Boeing delays 737 MAX software fix delivery - lisper
https://arstechnica.com/information-technology/2019/04/boeing-delays-737-max-software-fix-delivery/
======
astockwell
Man oh man. Having (loosely) followed this saga, it sounds horrifically
similar to every other "feature rush" I've ever seen in software development.
I know this a fiction, but I can just imagine the scene - boss comes into SWE
meeting, says "some other team implemented this thing that the higher-ups
wanted, we have to change all of our stuff to make it work, and we only have X
weeks/months" (common sin: deadlines before effort estimates). Then more
issues are discovered in dev, SWE's try to push back but are ignored (common
sin: concerns are not heard). "Scope is reduced" (common sin: this ALWAYS
happens with hard deadlines, but SHOULD NEVER happen with human safety
involvement, although it still does all the time e.g. healthcare).

It's not until some poor, senior engineer, who is probably one of their best
staff, has a stellar reputation, and genuinely cares about their job, their
team, the product, and the company ... they have to fall on the sword and TELL
management what's going happen: we're not shipping this yet, IT IS NOT SAFE.

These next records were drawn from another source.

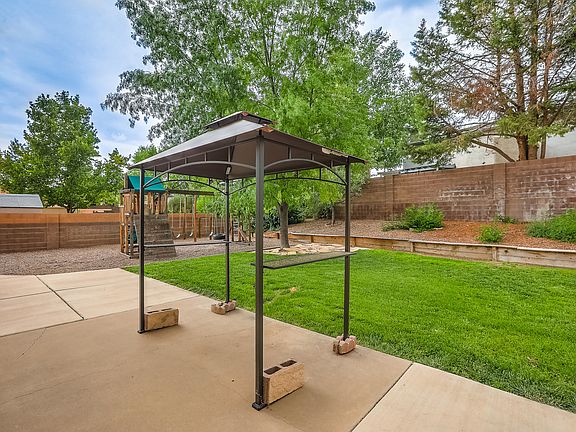 5th image of 10521 Espira Ct NW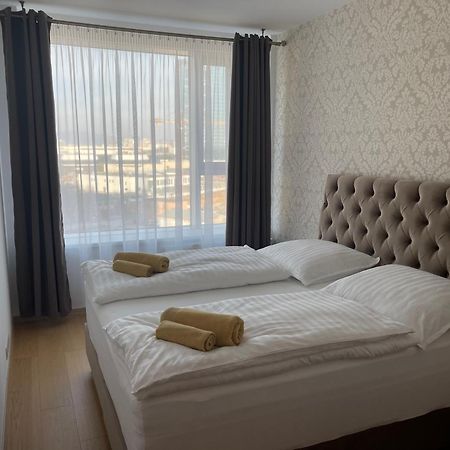 Sag Panorama City Apartment 3 Rooms Free Parking Free Wifi ブラチスラヴァ エクステリア 写真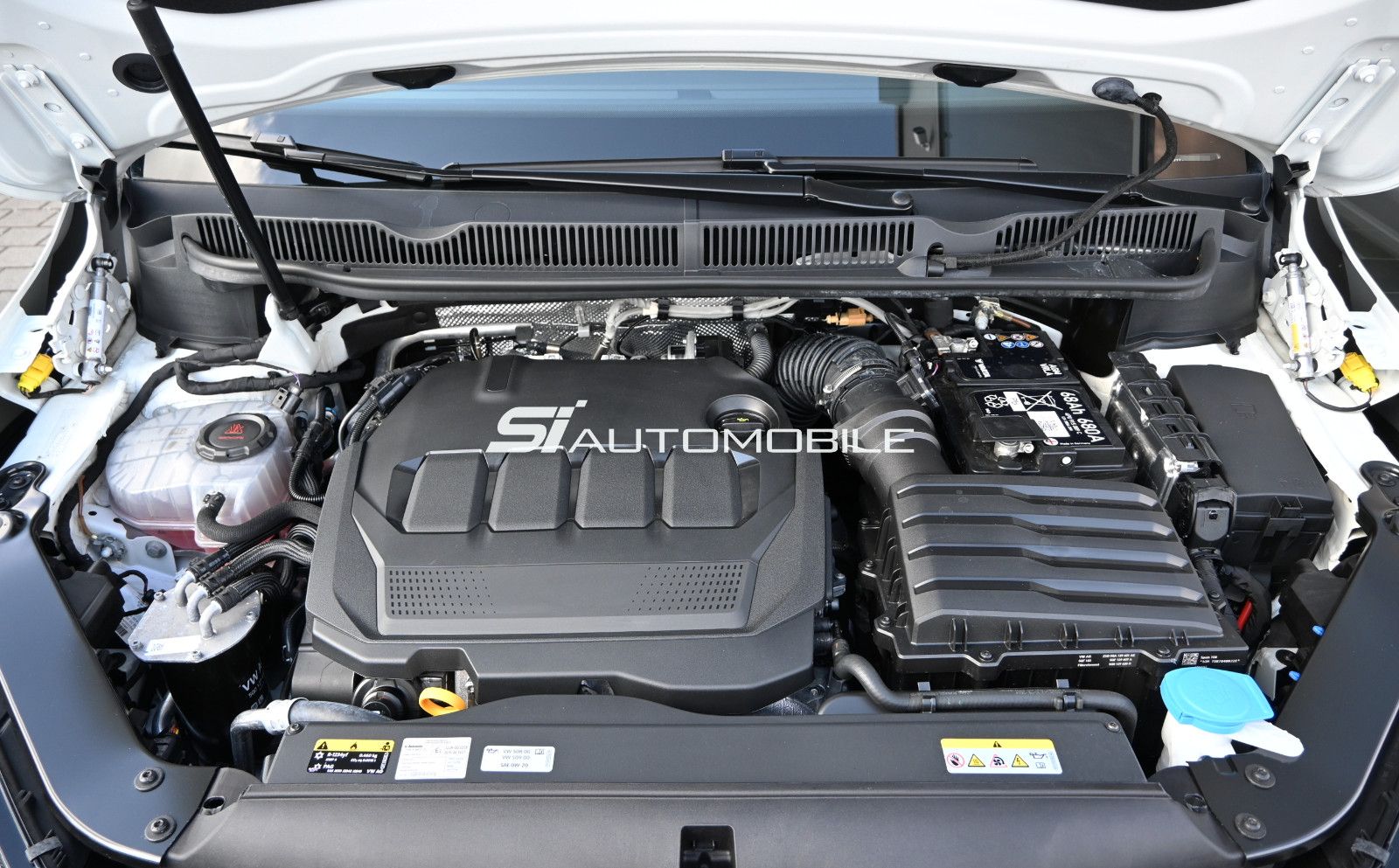 Fahrzeugabbildung Volkswagen Touran 2.0 TDI DSG Comfortline °UVP 58.262€°STHZ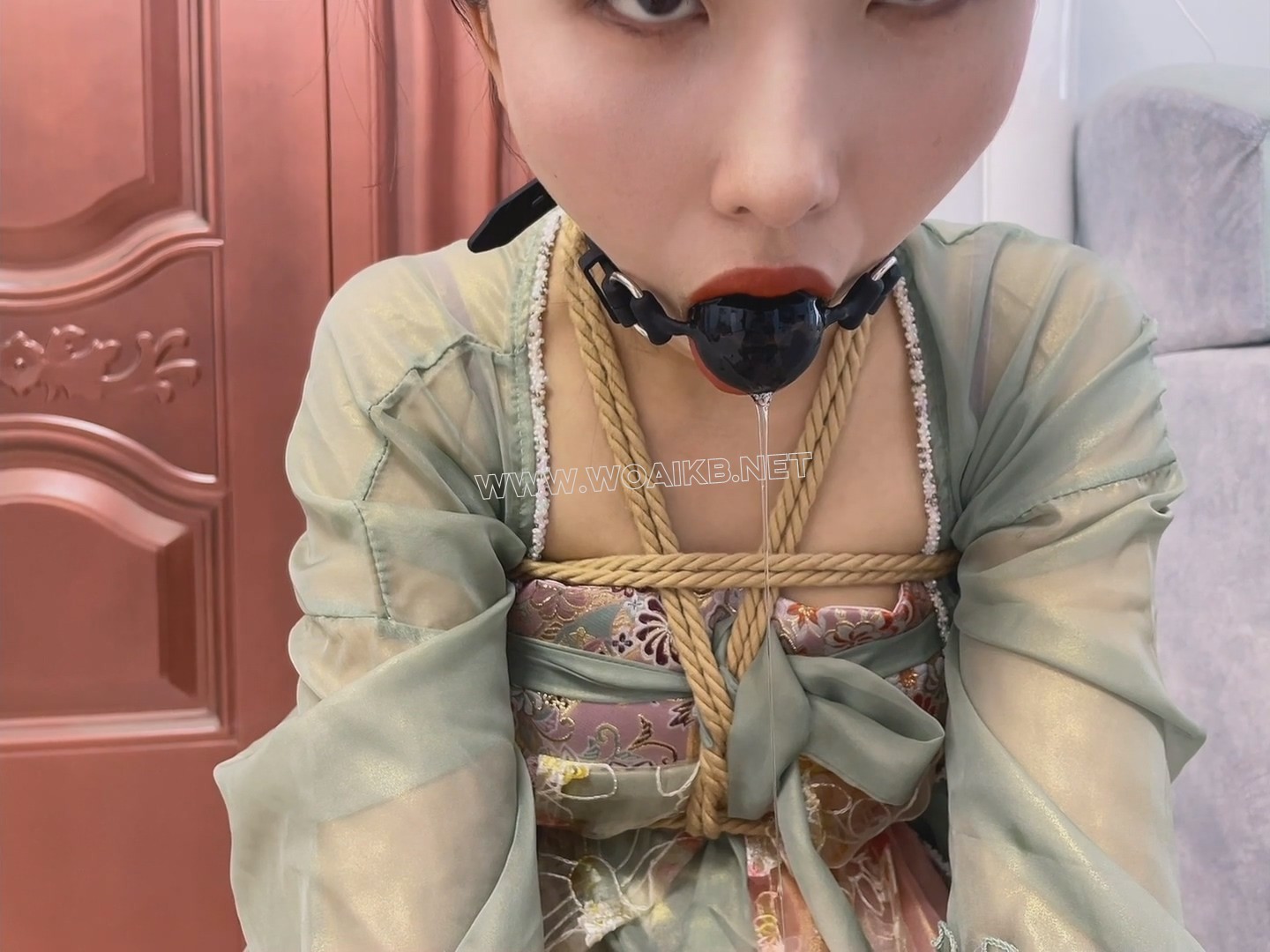 绿衣汉服慧慧与深喉y具口球的较量 嘴唇多次紧紧闭合 堵嘴口水福利 预览图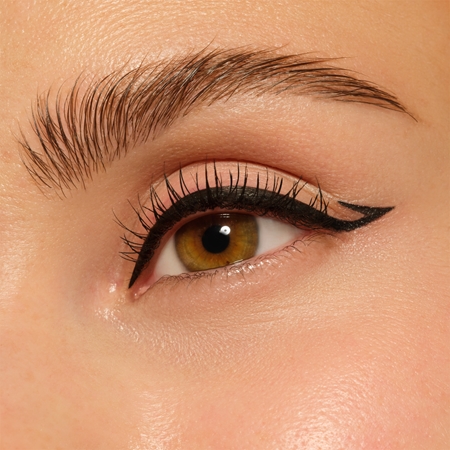 essence Lash PRINCESS PARTY Ūdensnoturīgs acu laineris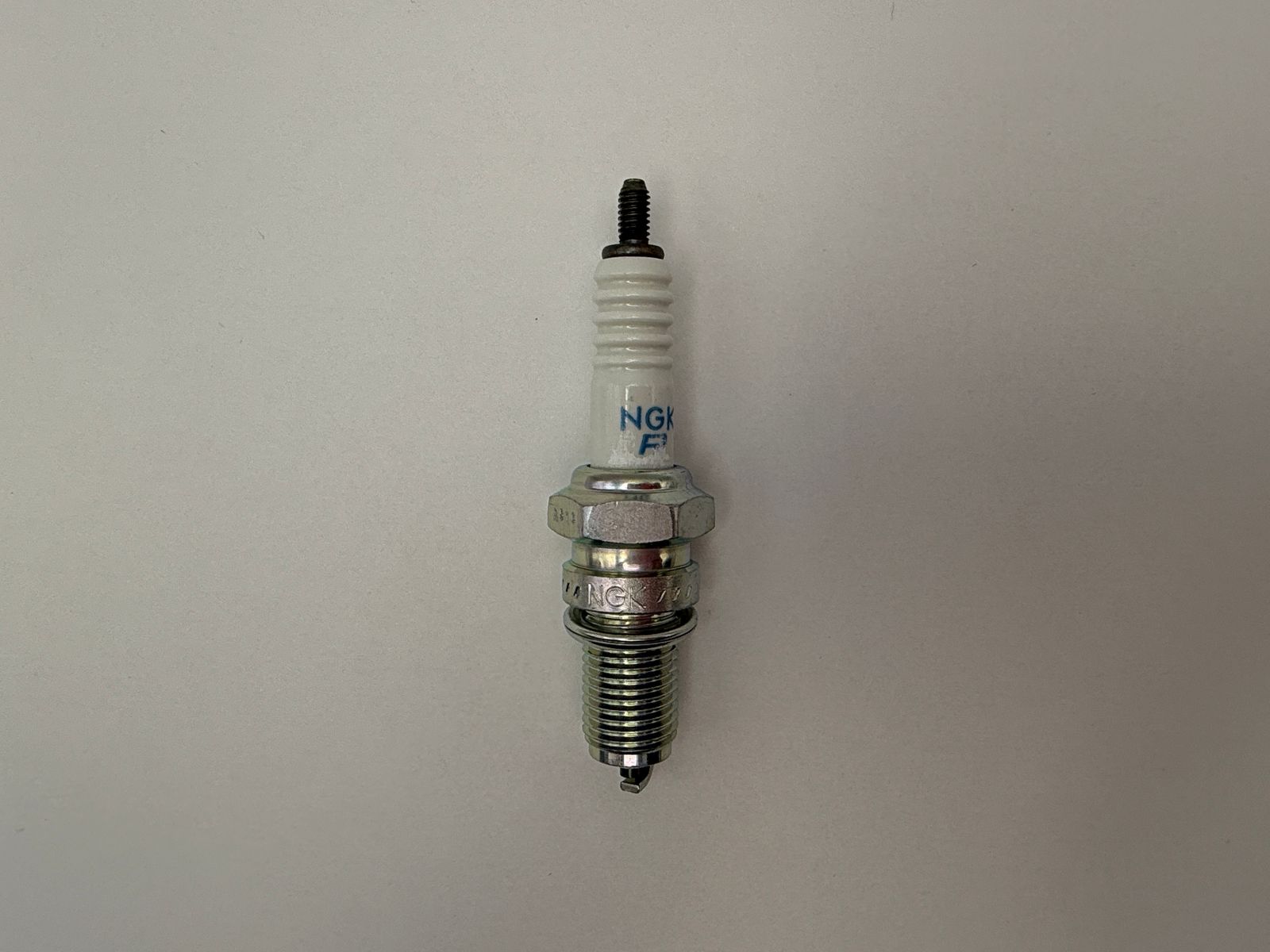 Spark Plugs Ngk (standard) - 618638NIS image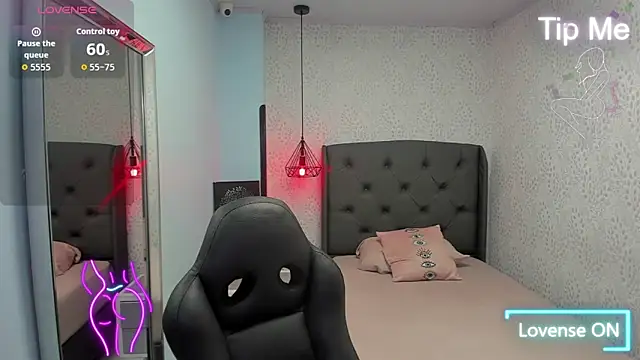 Snapshot of MAGNOLEROY chatting on 8, 10, 2025 MAGNOLEROY online show from 8, 10, 2025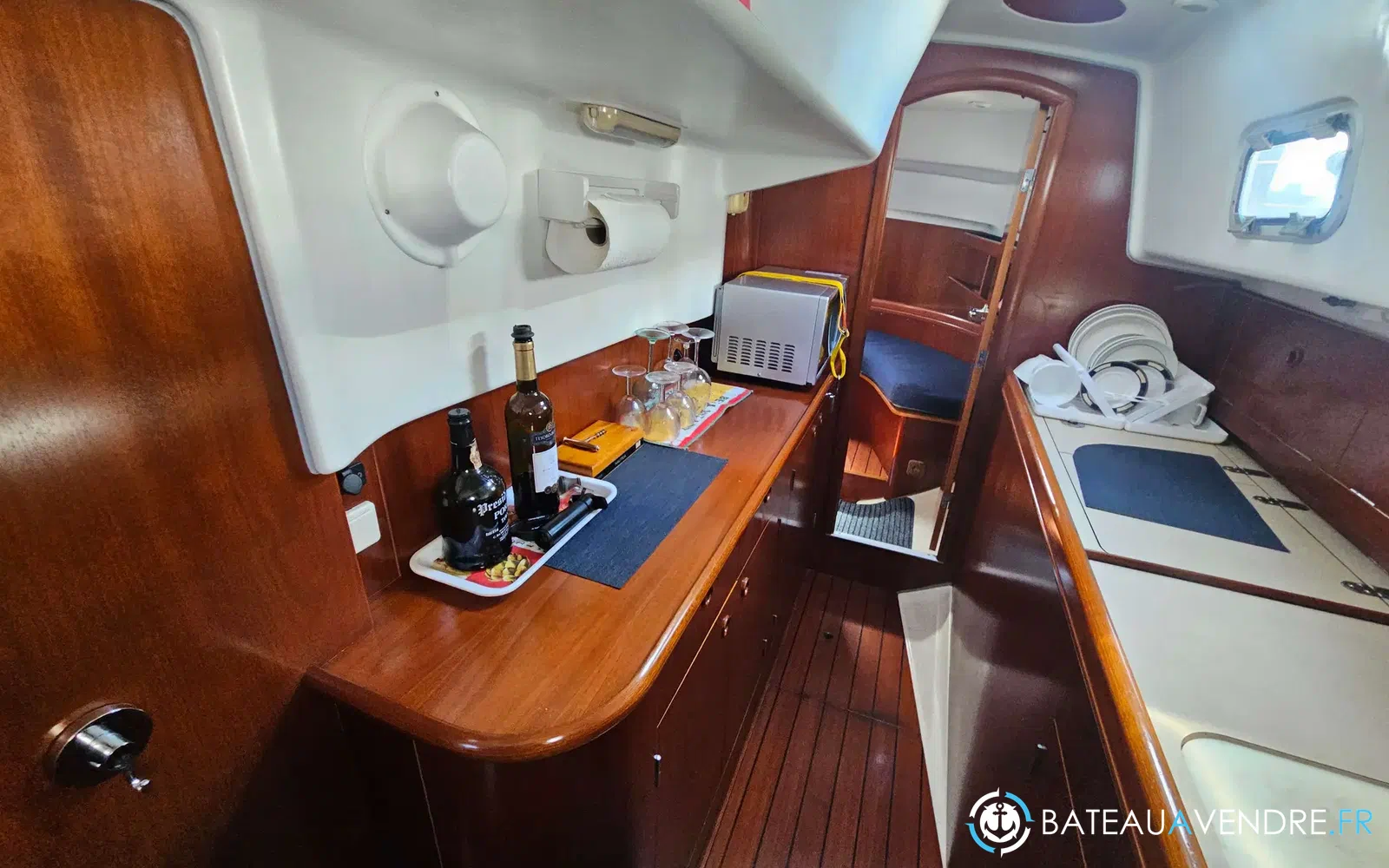 slider 10 Beneteau Oceanis 36 CC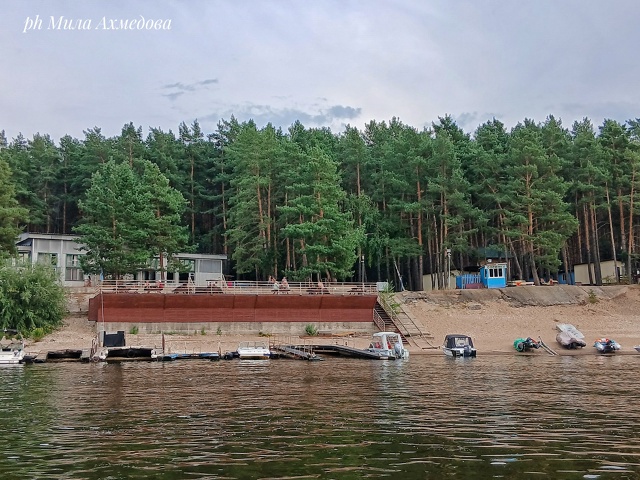 Турбаза ,,Сосенки на Волге,, место, где сливается в одно ...
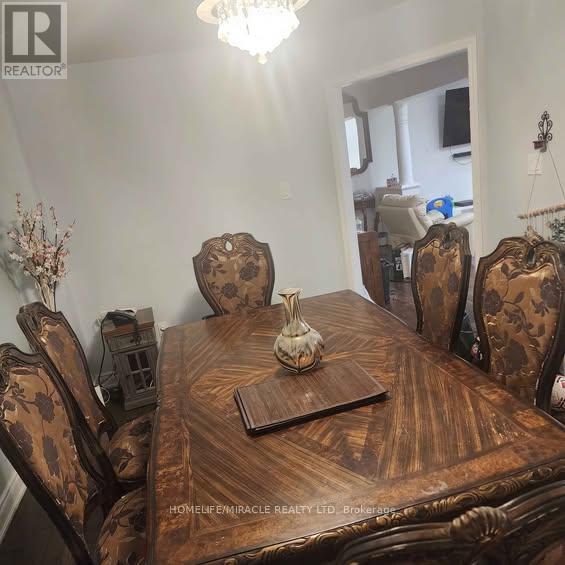 89 Pertosa Drive, Brampton, Ontario  L6X 4W7 - Photo 3 - W12413184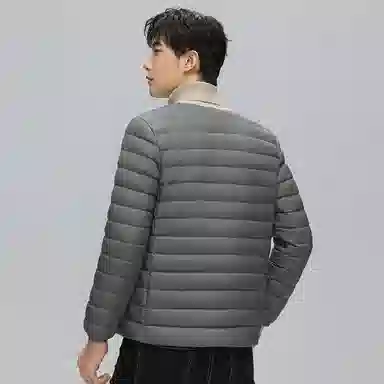 鸭鸭 轻薄便携纯色基础款休闲宽松单排扣圆领保暖羽绒服 男款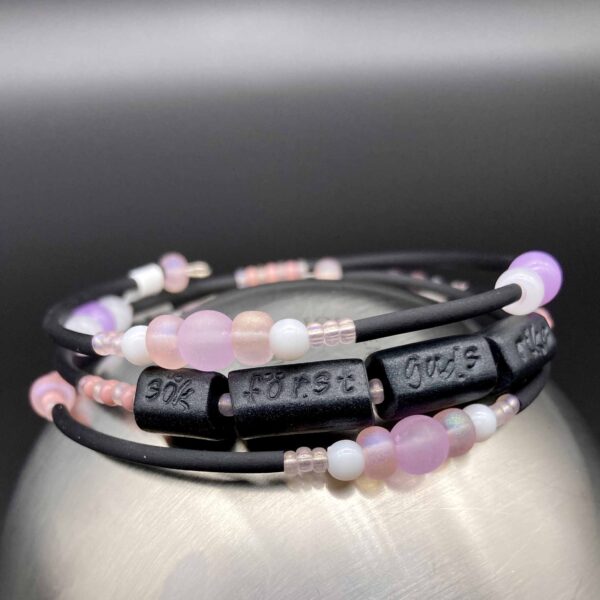 trust armband rosa/lila sök först guds rike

Then that goes all the way up the chain, management at every level wrings
their hands, "how oh how did this happen?" (although they specifically are
talking about the missed deadline, not the safety concerns). It gets high
enough that feeling is overcome by senior leadership wrath, which flows back
down, and ultimately that engineer and their entire team is punished.

What a dumpster fire.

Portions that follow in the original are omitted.